Das Ziel aller Kompetenzzentren ist ein regionales Gesamtkonzept zur sonderpädagogischen Förderung, das eine fachlich abgesicherte, wohnortnahe Förderung der Schülerinnen und Schüler in enger Zusammenarbeit mit den allgemeinen Schulen ermöglichen soll. Der LVR unterstützt seine LVR-Kompetenzzentren mit Personal und übernimmt die anfallenden zusätzlichen Sachkosten, wie zum Beispiel externe Moderation und Begleitung sowie Fortbildungen.

50 Pilotregionen

Die Pilotphase hatte im Schuljahr 2008/2009 mit 20 Regionen begonnen. Später wurden weitere zehn Schulen ausgewählt. Zum Schuljahresbeginn 2010/2011 sind 20 neue Pilotregionen mit Kompetenzzentren für sonderpädagogische Förderung in NRW an den Start gegangen.

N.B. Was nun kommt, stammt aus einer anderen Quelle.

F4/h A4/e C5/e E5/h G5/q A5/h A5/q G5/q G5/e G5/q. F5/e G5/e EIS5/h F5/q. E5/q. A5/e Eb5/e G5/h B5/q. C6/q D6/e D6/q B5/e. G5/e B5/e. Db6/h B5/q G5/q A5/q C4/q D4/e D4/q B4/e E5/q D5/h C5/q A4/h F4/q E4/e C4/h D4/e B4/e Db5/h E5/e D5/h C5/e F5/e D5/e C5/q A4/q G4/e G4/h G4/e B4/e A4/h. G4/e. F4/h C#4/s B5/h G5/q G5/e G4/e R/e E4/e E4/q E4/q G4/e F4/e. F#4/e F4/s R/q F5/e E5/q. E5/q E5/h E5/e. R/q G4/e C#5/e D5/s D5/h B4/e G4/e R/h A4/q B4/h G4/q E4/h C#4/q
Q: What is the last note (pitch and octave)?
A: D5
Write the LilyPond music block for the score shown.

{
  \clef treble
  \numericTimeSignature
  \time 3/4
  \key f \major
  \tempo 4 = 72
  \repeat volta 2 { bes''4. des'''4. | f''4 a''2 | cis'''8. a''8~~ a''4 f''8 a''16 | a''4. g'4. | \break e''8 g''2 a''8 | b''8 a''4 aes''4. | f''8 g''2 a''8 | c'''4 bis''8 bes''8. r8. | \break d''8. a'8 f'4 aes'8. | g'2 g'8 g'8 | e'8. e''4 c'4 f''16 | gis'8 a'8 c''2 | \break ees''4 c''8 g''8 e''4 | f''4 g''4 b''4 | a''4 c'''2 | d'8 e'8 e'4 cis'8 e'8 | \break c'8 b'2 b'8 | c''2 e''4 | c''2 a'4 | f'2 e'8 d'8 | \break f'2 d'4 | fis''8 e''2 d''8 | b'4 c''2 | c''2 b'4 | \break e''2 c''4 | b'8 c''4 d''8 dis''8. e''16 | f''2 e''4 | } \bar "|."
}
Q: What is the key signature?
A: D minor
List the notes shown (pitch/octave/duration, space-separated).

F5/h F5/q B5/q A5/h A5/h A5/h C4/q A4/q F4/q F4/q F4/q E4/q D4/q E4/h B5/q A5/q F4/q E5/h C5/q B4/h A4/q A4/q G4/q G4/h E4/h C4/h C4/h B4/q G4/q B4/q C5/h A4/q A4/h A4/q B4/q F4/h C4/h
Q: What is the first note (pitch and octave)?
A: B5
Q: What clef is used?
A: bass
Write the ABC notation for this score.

Das erste Kompetenzzentrum beim LVR gibt es bereits seit 2008: Die LVR-Förderschule Oberhausen mit dem Schwerpunkt körperliche und motorische Entwicklung kooperiert mit der städtischen Schillerschule, einer Förderschule mit dem Schwerpunkt geistige Entwicklung. Zusammen bilden sie das OK – Oberhausener Kompetenzzentrum.

4 LVR-Kompetenzzentren in Oberhausen, Aachen, Köln und Düren

Seit dem Schuljahresbeginn 2010/11 gibt es drei weitere LVR-Kompetenzzentren: Sie wurden eingerichtet an der LVR-David-Hirsch-Schule, Förderschwerpunkt Hören und Kommunikation in Aachen, der LVR- Johann-Joseph-Gronewald-Schule, Förderschwerpunkt Hören und Kommunikation in Köln und an der LVR-Louis-Braille-Schule, Förderschwerpunkt Sehen in Düren.

Durch eine enge Kooperation soll eine noch bessere Bündelung der pädagogischen Förderung der Schüler und Schülerinnen erreicht werden – immer mit dem Ziel der Inklusion.